===== Information provided
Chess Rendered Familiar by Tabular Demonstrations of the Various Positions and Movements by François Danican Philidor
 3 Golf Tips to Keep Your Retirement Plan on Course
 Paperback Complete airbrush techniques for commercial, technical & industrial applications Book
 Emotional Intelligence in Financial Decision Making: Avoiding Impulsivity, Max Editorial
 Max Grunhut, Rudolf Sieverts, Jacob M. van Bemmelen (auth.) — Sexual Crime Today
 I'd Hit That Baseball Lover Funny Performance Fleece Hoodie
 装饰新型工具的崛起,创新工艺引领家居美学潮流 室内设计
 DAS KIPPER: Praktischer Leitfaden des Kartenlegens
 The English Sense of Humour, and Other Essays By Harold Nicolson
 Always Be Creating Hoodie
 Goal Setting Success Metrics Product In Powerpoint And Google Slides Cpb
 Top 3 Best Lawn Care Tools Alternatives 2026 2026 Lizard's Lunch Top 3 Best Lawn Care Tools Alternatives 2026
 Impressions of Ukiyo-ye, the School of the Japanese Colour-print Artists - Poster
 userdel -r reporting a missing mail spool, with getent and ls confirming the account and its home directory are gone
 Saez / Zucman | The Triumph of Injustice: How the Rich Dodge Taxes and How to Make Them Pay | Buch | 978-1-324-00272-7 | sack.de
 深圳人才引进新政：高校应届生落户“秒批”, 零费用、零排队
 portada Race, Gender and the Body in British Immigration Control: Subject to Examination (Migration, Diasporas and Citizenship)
==========
Look in the material above for the line with "3 Golf Tips" and the line with "DAS KIPPER: Praktischer", and transcribe exactly those lines and all lines between them, nothing more.

 3 Golf Tips to Keep Your Retirement Plan on Course
 Paperback Complete airbrush techniques for commercial, technical & industrial applications Book
 Emotional Intelligence in Financial Decision Making: Avoiding Impulsivity, Max Editorial
 Max Grunhut, Rudolf Sieverts, Jacob M. van Bemmelen (auth.) — Sexual Crime Today
 I'd Hit That Baseball Lover Funny Performance Fleece Hoodie
 装饰新型工具的崛起,创新工艺引领家居美学潮流 室内设计
 DAS KIPPER: Praktischer Leitfaden des Kartenlegens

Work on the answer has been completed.